The thirteenth flight of SpaceX's Starship rocket is scheduled for July 17: here are the updates
In recent weeks, we reported on the successful static fire of Super Heavy Booster 20 at Pad 2 of Starbase in preparation for the thirteenth launch of SpaceX's Starship rocket. Soon after, the company officially announced the date and time for the upcoming launch window of the fully reusable heavy-lift vehicle, still in prototype phase.
According to reports, Flight 13 is currently scheduled for 12:45 AM on July 17 (Italian time). Compared to the twelfth launch, which took place in the second half of May, the updates will be limited but still significant. SpaceX aims to address the issues that affected the third-generation hardware (such as the re-entry of Super Heavy and the ignition of Ship's engines) before proceeding with further experimentation. This is what we know.
The thirteenth flight test of SpaceX Starship will take place on July 17. Like the previous flight, the launch will be from Pad 2 of Starbase (while Pad 1 is being upgraded and two pads in Florida are nearing completion). As always with development tests, the schedule is subject to last-minute changes, but the company has already announced that it will stream the event live starting about half an hour before liftoff, both on its website and on its X profile.
As mentioned, there won't be a major overhaul of the mission, but Flight 13 of Starship will see the transportation of third-generation Starlink satellites for the first time. According to reports, there will be 20 units on board (no longer mockups), of which 6 will be equipped with cameras to monitor the thermal shield's condition during the release phase (some tiles have been painted white to enhance their identification). Being released during a suborbital flight, these satellites will re-enter the atmosphere shortly after, disintegrating. These Starlink V3 satellites will also try to connect to ground stations in South Africa and to the constellation through optical laser connections.
Regarding Super Heavy Booster 20, the primary objective remains the complete execution of the launch, ascent, stage separation, boostback maneuver, and braking ignition for a landing offshore in the Gulf of Mexico. The rocket arrives at this event with various hardware and software modifications designed to address the issues that emerged in the previous flight: during the twelfth test, small differences in the ignition of the upper stage engines had caused an incorrect rotation of the booster by about 90° compared to expectations. The startup sequence has therefore been made more robust against timing variations. Additionally, in the same flight, five of the 33 Super Heavy engines had issues during the re-ignition phase, prematurely interrupting the boostback maneuver; for this reason, hardware upgrades and new alarm and abort thresholds more suited to actual multi-engine environment conditions have been introduced.

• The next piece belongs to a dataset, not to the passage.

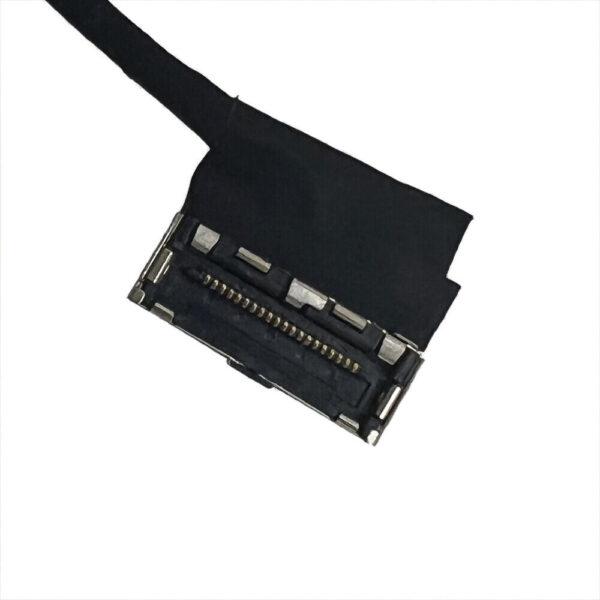Dell 2K51N HDD SSD SATA IO Connector Cable Alienware Area 51m R1 R2 - Image 3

On the upper stage front (Ship 40), the main objectives of the flight include, as previously mentioned, the release of 20 Starlink V3 satellites, the re-ignition of a single Raptor engine in space, and a new controlled re-entry with a splashdown in the Indian Ocean. Here, modifications have also been made to the propulsion system, after Ship had lost one of its three optimized vacuum Raptor engines (RVac) about 40 seconds after stage separation in the previous test. The vehicle, however, managed to demonstrate its capability to continue the mission with one less engine, reaching the expected suborbital trajectory.
Ship 40 includes numerous updates to the thermal shield (one of the most complex items), aiming for an increasingly reusable design: tiles applied to the metal parts of the rear fins, new attachment systems in the lower area, and integrated load sensors in the tiles themselves to measure the stresses they are subjected to during ascent at higher dynamic pressures than previous flights, in exchange for greater payload capacity in orbit.